** Action item **
Omit the pictures, then reproduce every remaining record exactly.

(Short text fragments from websites)
—————
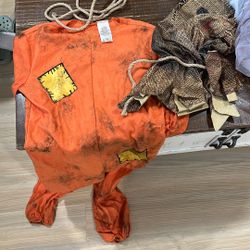 Trick Or Treat/  Scarecrow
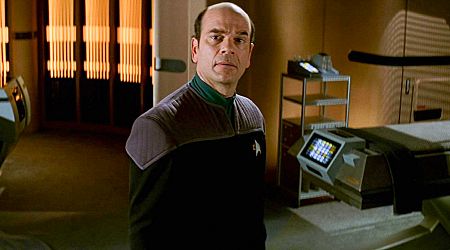 How Emergency Medical Holograms In Star Trek Actually Work
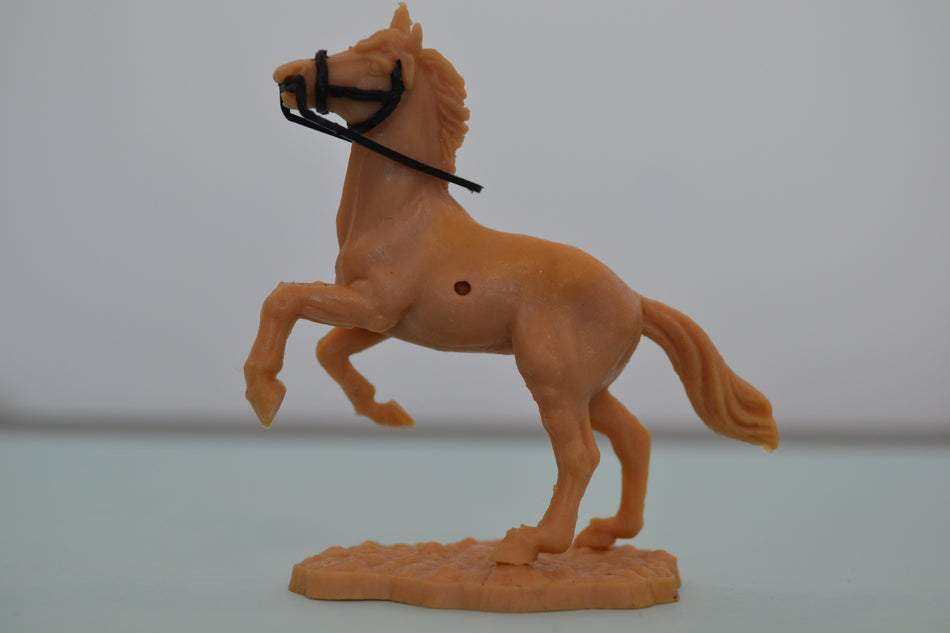 Timpo Horse Tan/Black Bridle/Sand Base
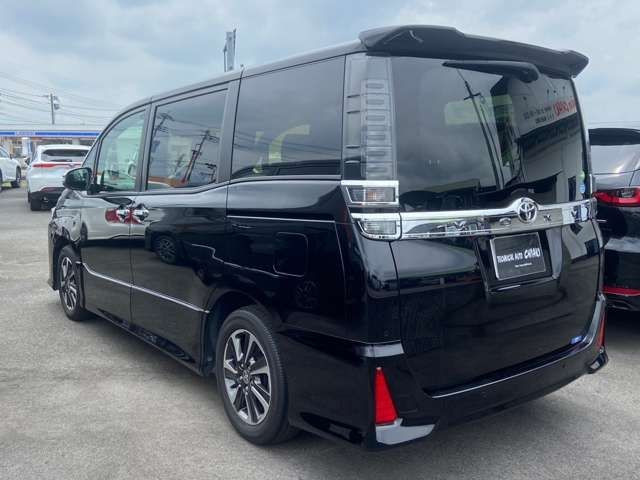 Toyota VOXY 2019-01 5320-1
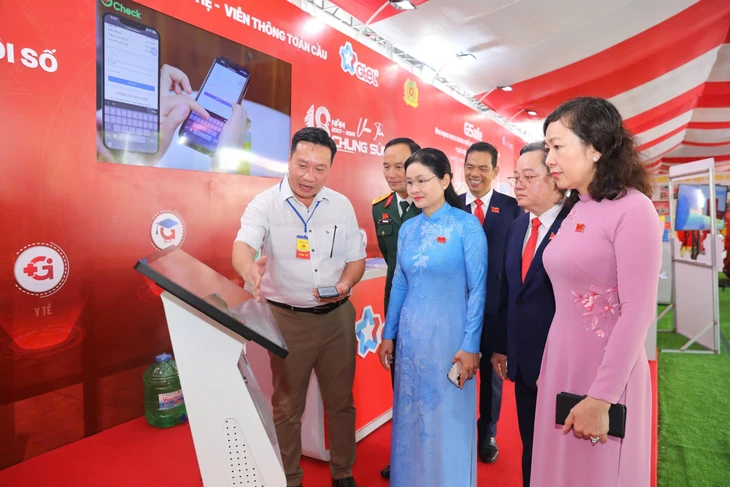 450 đại biểu dự Đại hội Đảng bộ tỉnh Đồng Nai lần 1 - Ảnh 2.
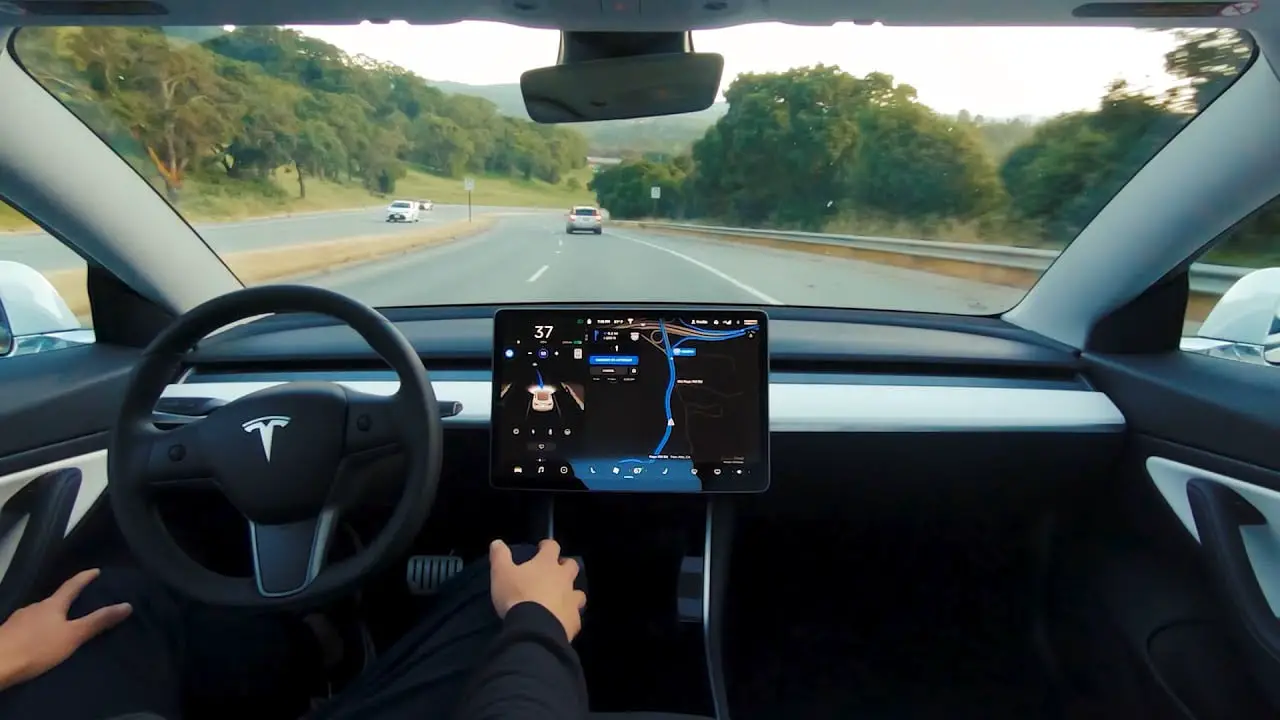 Tesla confesses: Full self-driving cars will not be ready at the end of this year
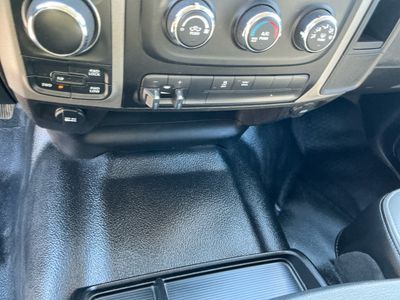 2022 Ram 1500 Classic - Photo 12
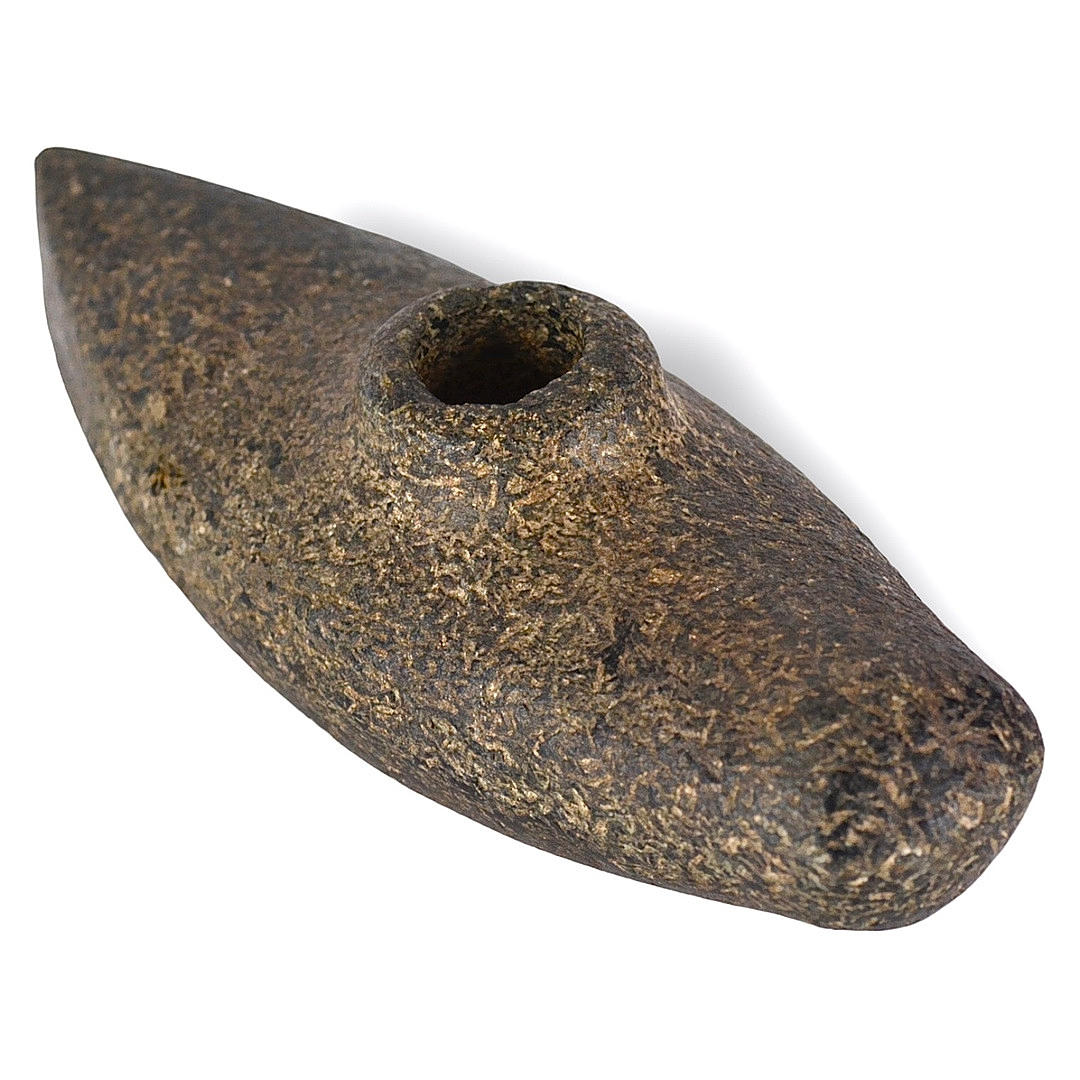 BÅDØKSE/SLAGSØKSE, sort sten, neolitisk.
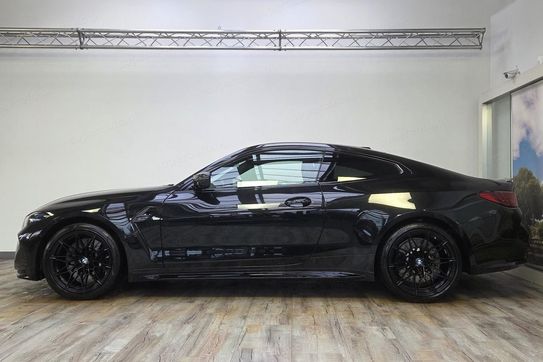 BMW Seria 4 M4 Competition M xDrive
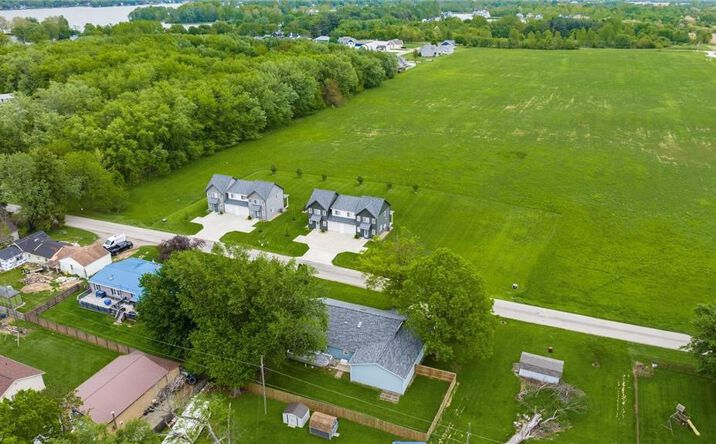 Pictures of Multifamily property located at 13680 ROSEWOOD DR NE, THORNVILLE, OH 43076 for sales - image #1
—————
** Exercise answer **
 Trick Or Treat/  Scarecrow
 How Emergency Medical Holograms In Star Trek Actually Work
 Timpo Horse Tan/Black Bridle/Sand Base
 Toyota VOXY 2019-01 5320-1
 450 đại biểu dự Đại hội Đảng bộ tỉnh Đồng Nai lần 1 - Ảnh 2.
 Tesla confesses: Full self-driving cars will not be ready at the end of this year
 2022 Ram 1500 Classic - Photo 12
 BÅDØKSE/SLAGSØKSE, sort sten, neolitisk.
 BMW Seria 4 M4 Competition M xDrive
 Pictures of Multifamily property located at 13680 ROSEWOOD DR NE, THORNVILLE, OH 43076 for sales - image #1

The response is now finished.